A Group of German-trained African students who have returned to their home countries as entrepreneurs under a Returning Experts Programme financed by the Germany Ministry of Economic Cooperation and Development, have met in Ghana to deliberate on their experiences and to share ideas to impart other African students.

The group has paid a visit to B-Bovid Limited, an agricultural company, set up by a German-trained Ghanaian.

Germany has over the years assisted Ghana in various sectors of national development. They include support for vocational and technical skills training, agriculture amongst others. The Centre for International Migration and Development Programme (CIM), financed by the Germany Ministry of Economic Cooperation and Development, seeks not only to train African migrants in Germany, but also to reintegrate them into their home countries to contribute their quota to development.

These entrepreneurs from Ethiopia and Cameroun were in the country to meet with their Ghanaian counterparts to share ideas on their experiences to devise a road-map for other Ghanaian students who are studying in Germany with the hopes of returning home to work.

Students upon completion of their studies, either through scholarship or personal investments, can apply to the programme which provides their transportation back home and offers them job placements in the areas of Agriculture, decentralization and good financial governance and economic cooperation.

Students on job placements are given salary top ups by the programme between 400 – 1,000 Euros monthly for a two year. Aside this, their host companies or institutions receive equipments from the programme which upon completion of the students’ work, become the property of the institution.

Some students who decide to set up their own businesses after the period also receive some form of start-up capital from the programme. Those who return home with the sole aim to set up, receive start-up capital of about 10,000 Euros and beyond.

The Programme operates in parts of Africa, Asia, Latin America and Eastern Europe, and has so far benefited over 10,000 people globally since its inception in 1994.

In Ghana, about 400 people have benefited from it. Mr. Issa Quedraogo who lived and trained in Germany has returned to Ghana to start B-Bovid Limited, an Integrated Organic and Biodiversity Farming Company at Mpohor in the Western Region.

His company focuses on aquaculture, agro processing, eco-tourism amongst others. The company, which will produce palm oil and other palm products for export and local consumption, hopes to improve the lives of local farmers whose produce will be purchased for processing. Farmers will also be supported by the company to increase their production for the benefit of both parties, and will benefit from several corporate social responsibility projects.

Mr. Quedraogo has also employed a German trained student who is a beneficiary of the Returning Experts Programme. David Y. Tetteh, an Advisor and Coordinator for the Centre for International Migration and Development Programme in Ghana, who led the team of entrepreneurs to observe the work done by B-Bovid, said he was impressed.
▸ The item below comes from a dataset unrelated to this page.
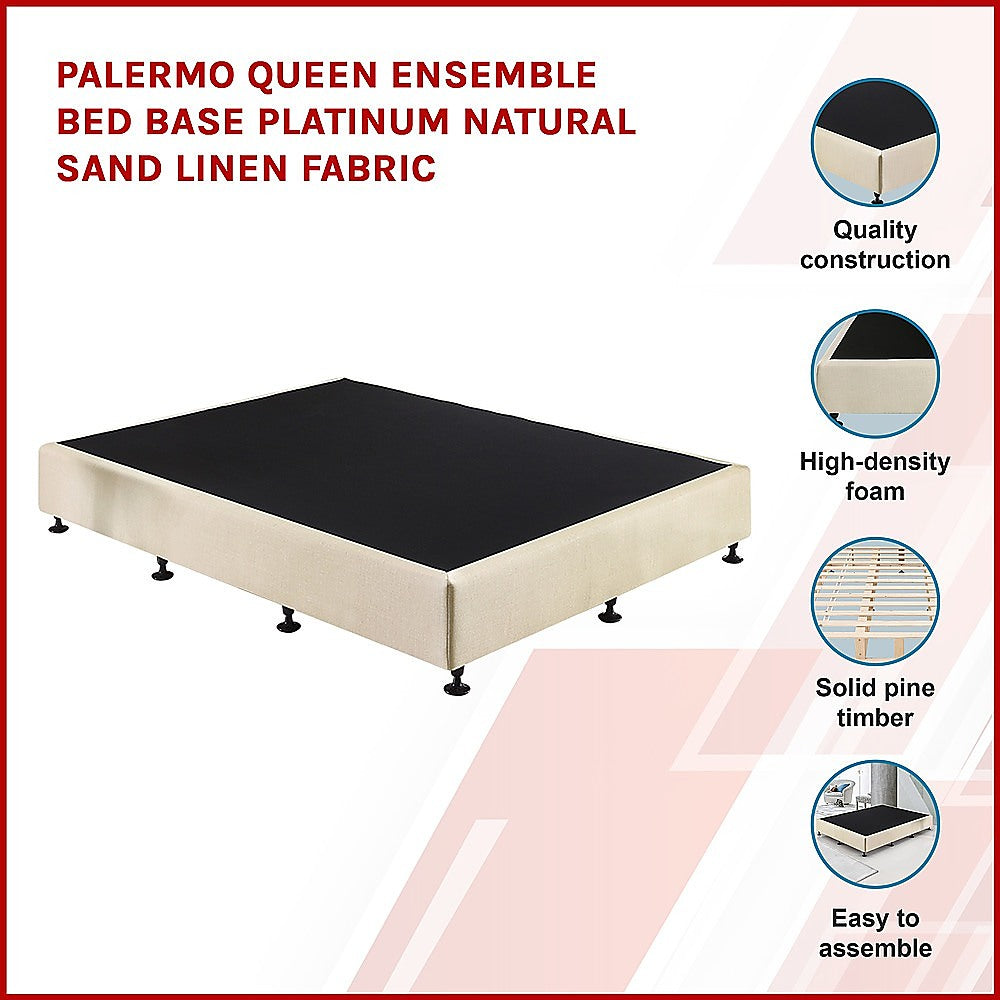 Palermo Queen Ensemble Bed Base Platinum Natural Sand Linen Fabric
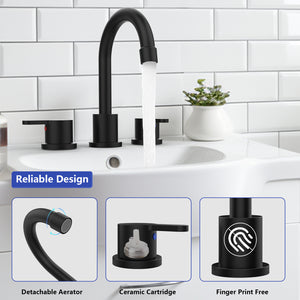 English Elm Widespread Matte Black 2-Handle Bathroom Faucet 8" Centerset, 360° Swivel, Water-Saving Design T3177P277511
Mr. Tetteh dispelled the notion that the programme is intended to send home African migrants in Germany, explaining that people are not forced to enrol on the programme to return to home. He said it is meant to give a positive perception of African migrants by converting what is commonly known as ‘brain drain’ into ‘brain gain’.
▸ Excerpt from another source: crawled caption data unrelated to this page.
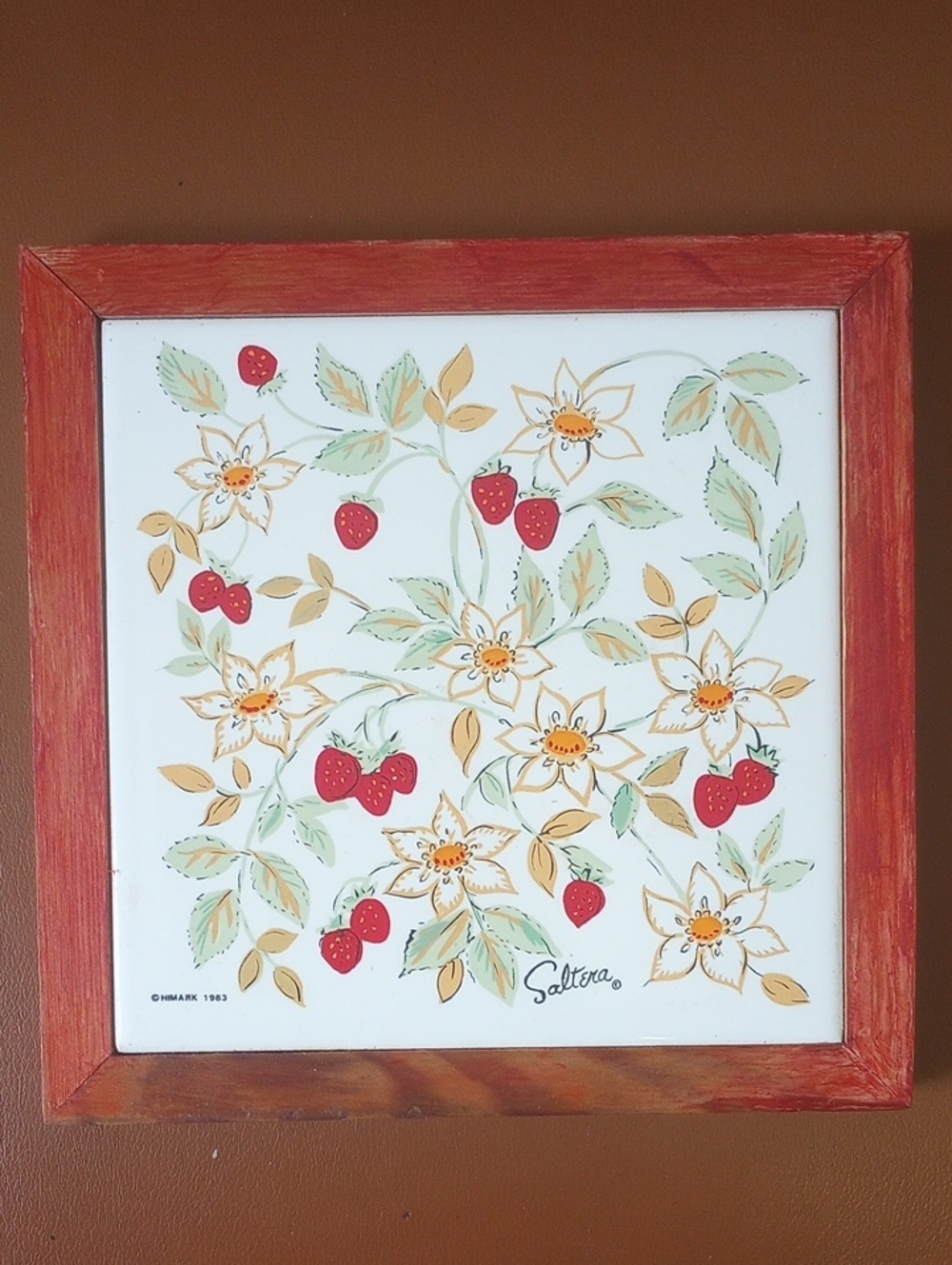 Saltera Vintage Himark 1983 Ceramic Strawberry & Floral Trivet w/ Wood Frame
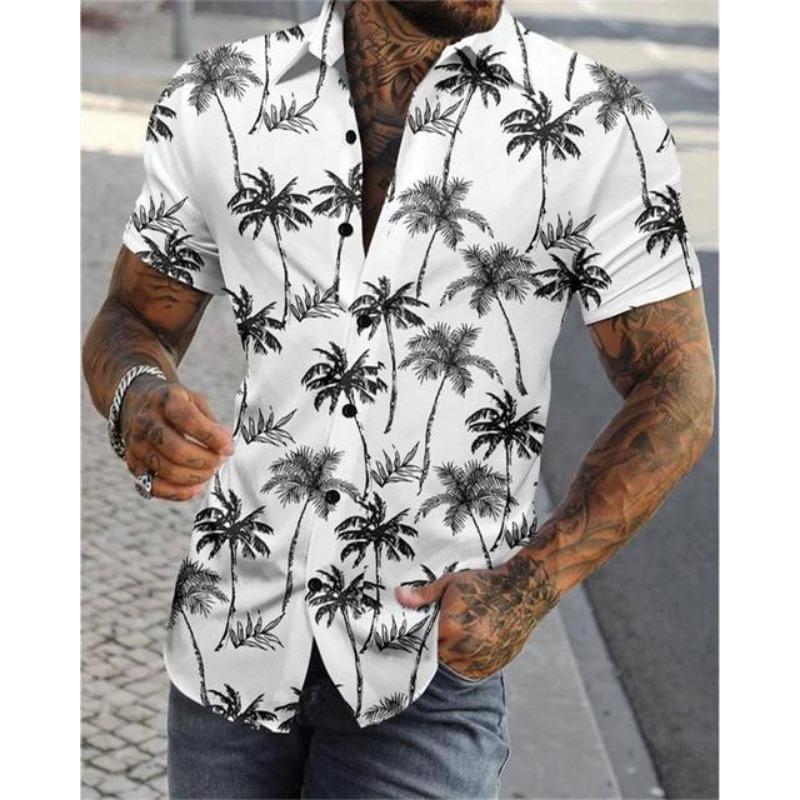 2025 Мужская рубашка с коротким рукавом и лацканами в стиле колор-блок с 3D-принтом, большой размер 5XL, высококачественный гавайский пляжный топ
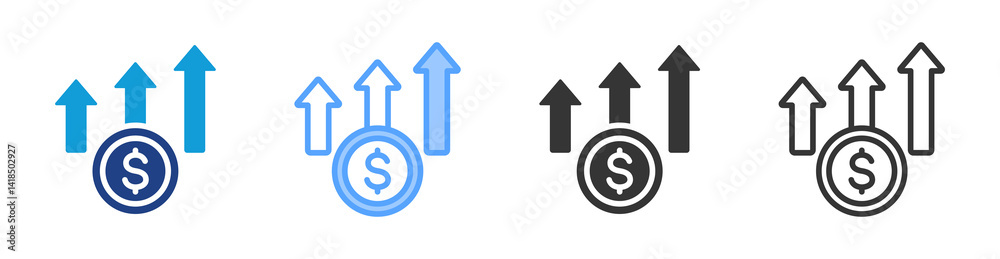 Poster Increase Revenue icon set multiple style collection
The Western Regional Crops Officer at the Ministry of Agric Enock Smith Koranteng said his outfit will benefit immensely from the activities of B-Bovid.

He said the company has a training centre for famers and agric extension officers; an Agricultural ICT Centre to help farmers’ access information, as well as a mechanization centre which will be of great help to farmers. He said there will also be a large-scale production of quality vegetables to stop the importation of vegetables by oil companies operating in the country.

Advisors and Coordinators of the Programme in Cameroun and Ethiopia also commended B-Bovid’s work so far. The company will begin full production by December 2011.